Two weeks ago I had the opportunity to attend Young Women’s Camp and was struck by the unexpected lessons in leadership I learned. Last week, I was able to attend Young Men’s Camp and unsurprisingly walked away with more lessons in leadership. The setup is very similar, but the execution was very different. Male volunteer adult leaders spent just under a year working with a group of male youth between the ages of 11 and 17 to plan a camp.
While spending a week in the very muggy woods with 50 very energetic teenage boys, here are 10 more lessons in leadership I learned.
1. To get the best out of others, they must know you care
You can yell, you can beg, you can hold hands, you can set the example, but until others know you truly care about them, there is a risk they simply tune you out. Never is this more true than when trying to get a group of teenage boys that have been assigned to cleaning duty to clean up after a particularly messy meal.

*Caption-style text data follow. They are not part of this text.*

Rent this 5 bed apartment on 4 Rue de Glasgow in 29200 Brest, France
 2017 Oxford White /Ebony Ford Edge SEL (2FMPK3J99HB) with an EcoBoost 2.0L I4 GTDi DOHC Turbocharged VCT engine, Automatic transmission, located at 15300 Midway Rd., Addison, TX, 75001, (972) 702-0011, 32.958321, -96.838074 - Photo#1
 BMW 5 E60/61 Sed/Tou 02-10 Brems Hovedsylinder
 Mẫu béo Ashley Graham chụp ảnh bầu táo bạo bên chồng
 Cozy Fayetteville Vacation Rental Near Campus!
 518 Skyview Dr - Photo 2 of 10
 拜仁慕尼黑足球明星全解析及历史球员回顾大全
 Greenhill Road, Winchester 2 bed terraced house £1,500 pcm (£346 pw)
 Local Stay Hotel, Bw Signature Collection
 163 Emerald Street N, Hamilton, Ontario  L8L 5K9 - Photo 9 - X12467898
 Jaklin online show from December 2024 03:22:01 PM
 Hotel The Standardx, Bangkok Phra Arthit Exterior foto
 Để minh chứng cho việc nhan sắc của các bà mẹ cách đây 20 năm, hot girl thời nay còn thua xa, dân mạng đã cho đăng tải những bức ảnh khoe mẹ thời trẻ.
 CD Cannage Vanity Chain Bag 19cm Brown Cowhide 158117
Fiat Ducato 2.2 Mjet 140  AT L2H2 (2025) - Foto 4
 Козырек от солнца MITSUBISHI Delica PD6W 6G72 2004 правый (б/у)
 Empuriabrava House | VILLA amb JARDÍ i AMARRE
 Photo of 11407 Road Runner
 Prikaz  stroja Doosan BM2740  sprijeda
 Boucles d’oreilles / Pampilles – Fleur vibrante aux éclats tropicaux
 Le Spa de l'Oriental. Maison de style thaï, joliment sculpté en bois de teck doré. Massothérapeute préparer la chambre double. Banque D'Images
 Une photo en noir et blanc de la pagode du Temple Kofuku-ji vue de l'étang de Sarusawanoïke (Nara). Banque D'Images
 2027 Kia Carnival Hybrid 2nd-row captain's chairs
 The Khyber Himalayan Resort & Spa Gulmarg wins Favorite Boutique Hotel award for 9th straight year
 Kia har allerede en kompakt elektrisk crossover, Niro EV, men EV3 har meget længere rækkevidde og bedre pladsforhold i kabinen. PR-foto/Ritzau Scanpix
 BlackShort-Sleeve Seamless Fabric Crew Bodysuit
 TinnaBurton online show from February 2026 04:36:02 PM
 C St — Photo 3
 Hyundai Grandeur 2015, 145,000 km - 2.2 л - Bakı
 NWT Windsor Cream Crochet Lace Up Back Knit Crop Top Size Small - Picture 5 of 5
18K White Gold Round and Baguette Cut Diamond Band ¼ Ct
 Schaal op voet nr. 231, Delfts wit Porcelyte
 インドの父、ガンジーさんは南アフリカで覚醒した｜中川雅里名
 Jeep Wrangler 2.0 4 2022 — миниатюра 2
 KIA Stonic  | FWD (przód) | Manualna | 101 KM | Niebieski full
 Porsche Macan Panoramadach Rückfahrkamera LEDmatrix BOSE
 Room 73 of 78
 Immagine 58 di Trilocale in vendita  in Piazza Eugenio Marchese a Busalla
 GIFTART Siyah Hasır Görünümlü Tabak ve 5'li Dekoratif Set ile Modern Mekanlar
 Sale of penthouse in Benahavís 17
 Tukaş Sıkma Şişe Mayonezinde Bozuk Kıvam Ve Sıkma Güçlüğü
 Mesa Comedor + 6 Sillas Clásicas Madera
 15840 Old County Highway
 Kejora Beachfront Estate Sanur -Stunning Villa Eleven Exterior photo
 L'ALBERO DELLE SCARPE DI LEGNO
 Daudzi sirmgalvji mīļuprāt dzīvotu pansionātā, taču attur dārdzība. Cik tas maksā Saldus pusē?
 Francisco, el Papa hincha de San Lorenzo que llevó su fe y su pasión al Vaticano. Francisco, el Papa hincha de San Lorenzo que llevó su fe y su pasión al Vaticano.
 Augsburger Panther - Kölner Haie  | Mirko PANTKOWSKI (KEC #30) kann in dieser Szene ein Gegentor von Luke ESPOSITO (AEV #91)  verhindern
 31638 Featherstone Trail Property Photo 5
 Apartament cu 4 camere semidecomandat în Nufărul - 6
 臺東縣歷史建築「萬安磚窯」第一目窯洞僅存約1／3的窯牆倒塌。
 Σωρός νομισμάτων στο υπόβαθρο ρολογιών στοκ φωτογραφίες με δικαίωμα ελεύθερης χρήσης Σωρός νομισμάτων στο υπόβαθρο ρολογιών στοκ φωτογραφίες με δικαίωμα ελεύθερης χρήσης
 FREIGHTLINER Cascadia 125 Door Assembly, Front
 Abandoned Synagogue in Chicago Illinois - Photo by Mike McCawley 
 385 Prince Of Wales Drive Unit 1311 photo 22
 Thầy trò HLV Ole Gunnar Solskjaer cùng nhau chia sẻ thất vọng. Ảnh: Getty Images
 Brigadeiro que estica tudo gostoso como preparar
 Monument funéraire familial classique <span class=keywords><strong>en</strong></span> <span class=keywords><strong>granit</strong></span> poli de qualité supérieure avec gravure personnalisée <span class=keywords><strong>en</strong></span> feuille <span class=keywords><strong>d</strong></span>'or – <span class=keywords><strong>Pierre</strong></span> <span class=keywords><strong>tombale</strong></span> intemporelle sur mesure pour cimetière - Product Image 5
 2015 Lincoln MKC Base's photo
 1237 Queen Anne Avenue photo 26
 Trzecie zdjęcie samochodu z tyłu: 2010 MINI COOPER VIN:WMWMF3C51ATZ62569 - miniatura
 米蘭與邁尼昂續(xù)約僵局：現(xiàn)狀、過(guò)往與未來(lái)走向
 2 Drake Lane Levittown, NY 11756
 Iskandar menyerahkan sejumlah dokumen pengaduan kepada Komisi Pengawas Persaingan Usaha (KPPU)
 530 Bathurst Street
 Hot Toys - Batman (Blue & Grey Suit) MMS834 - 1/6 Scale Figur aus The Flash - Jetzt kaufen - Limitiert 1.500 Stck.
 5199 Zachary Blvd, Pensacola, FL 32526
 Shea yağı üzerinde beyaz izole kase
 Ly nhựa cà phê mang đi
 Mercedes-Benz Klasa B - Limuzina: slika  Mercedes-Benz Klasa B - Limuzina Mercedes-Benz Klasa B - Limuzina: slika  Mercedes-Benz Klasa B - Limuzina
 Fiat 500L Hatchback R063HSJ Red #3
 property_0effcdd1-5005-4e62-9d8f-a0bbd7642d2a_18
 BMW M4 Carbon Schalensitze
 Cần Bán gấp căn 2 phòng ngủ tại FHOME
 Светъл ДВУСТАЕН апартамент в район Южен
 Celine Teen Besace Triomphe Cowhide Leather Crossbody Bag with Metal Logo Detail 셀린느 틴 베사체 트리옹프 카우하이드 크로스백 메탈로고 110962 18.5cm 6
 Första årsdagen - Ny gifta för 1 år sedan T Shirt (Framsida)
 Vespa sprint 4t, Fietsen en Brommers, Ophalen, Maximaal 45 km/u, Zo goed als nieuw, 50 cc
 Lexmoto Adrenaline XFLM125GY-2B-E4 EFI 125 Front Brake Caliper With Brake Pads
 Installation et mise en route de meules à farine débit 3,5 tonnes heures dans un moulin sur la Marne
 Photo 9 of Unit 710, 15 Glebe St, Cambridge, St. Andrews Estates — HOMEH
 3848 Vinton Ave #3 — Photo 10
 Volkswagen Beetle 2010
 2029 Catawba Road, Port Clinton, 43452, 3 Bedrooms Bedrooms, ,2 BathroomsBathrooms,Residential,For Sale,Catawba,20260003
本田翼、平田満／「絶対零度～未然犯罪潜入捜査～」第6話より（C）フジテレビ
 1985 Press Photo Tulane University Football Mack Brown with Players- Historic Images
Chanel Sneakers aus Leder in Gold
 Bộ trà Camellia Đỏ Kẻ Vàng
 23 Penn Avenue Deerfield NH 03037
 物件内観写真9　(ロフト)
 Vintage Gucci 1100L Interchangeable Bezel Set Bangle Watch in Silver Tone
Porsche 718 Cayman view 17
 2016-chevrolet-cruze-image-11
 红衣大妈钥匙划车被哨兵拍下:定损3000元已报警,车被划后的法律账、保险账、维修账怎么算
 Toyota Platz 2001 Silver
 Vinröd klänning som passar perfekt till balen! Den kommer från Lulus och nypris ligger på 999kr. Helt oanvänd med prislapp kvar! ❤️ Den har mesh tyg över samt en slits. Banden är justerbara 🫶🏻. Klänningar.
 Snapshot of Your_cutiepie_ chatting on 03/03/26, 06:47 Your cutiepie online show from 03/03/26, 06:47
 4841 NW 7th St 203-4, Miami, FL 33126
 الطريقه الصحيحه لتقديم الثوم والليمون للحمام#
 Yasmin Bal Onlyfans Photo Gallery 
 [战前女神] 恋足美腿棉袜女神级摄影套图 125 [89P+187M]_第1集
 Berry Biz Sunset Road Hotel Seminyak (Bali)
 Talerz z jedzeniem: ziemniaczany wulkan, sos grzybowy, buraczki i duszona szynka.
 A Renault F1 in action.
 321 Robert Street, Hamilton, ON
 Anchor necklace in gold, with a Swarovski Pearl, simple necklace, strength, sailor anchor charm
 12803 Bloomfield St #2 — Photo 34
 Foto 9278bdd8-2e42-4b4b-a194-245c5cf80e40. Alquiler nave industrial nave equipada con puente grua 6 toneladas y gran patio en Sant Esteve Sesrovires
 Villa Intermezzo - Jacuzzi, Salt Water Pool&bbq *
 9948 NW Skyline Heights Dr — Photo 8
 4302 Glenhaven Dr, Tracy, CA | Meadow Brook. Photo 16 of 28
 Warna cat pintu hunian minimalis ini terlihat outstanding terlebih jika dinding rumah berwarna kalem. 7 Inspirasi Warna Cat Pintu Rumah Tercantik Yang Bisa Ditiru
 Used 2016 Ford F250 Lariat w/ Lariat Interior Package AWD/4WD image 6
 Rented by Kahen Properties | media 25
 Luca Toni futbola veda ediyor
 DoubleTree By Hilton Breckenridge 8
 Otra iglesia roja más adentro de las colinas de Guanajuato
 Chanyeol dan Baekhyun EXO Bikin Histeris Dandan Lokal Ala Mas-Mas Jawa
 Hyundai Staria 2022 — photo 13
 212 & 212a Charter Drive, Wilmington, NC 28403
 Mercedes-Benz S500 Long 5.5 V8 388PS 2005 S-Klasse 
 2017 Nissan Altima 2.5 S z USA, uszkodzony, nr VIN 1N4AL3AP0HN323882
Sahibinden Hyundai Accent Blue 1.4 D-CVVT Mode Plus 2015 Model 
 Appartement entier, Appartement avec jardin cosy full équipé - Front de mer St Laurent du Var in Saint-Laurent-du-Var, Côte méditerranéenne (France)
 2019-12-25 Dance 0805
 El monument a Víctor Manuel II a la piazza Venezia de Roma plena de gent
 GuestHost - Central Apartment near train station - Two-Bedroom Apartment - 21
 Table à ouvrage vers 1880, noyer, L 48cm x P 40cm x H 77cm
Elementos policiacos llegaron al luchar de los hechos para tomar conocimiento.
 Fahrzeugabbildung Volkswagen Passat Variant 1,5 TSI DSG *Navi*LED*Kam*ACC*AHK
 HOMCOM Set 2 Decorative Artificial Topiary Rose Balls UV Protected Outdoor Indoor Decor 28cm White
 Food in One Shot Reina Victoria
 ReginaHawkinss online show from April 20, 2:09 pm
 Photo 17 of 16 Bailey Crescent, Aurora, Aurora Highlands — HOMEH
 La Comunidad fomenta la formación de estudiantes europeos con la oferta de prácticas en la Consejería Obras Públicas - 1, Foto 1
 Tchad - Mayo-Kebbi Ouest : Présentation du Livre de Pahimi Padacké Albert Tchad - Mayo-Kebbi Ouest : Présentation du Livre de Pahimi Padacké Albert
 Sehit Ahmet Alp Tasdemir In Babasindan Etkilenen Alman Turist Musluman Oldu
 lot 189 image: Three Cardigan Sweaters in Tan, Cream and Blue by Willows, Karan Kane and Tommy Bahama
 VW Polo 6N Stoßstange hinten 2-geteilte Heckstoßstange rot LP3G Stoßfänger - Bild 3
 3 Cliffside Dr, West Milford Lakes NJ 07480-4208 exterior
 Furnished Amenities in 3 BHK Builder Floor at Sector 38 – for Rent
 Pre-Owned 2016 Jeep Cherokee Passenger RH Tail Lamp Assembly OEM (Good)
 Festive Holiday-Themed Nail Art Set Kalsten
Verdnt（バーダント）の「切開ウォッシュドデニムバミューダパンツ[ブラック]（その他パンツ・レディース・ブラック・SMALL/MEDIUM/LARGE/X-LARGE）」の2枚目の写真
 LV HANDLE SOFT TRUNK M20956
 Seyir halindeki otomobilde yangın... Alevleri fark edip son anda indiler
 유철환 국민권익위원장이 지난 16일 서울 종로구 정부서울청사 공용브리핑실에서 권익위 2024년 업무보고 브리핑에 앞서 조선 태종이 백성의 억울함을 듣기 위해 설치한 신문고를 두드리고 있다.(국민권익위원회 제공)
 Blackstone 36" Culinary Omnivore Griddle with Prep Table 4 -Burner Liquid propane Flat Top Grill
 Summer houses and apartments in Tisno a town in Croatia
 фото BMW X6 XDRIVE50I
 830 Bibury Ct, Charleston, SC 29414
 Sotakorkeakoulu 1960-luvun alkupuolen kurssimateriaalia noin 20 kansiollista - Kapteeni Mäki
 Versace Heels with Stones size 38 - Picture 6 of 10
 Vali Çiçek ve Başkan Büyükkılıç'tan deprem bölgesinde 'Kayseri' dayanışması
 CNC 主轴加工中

2. Different techniques for different people
Good leaders know their strengths and preferred leadership styles and utilize them with expertise. Great leaders apply different styles to different situations and people. What works to get one 15 year-old to do a hard task will most likely simply elicit an eye roll from the next.
3. Have high expectations of others
Leaders are not cruise directors whose job is to make sure everyone is having fun. Leaders expect the best out of everyone, and they help bring out that best as well. A 6-mile hike in the heat up some pretty steep, rocky terrain? Even though some had never walked that far, let alone hiked that far, and maybe even didn’t have the right gear, the leaders didn’t let the boys settle for the easy way out.
4. Give honest feedback
High expectations are not always met. And when they aren’t, clear, concise, constructive feedback is often needed to get things back on track. The most effective leaders don’t shy away from these conversations, and they handle them in such a way that it leaves the receiver feeling motivated to do better.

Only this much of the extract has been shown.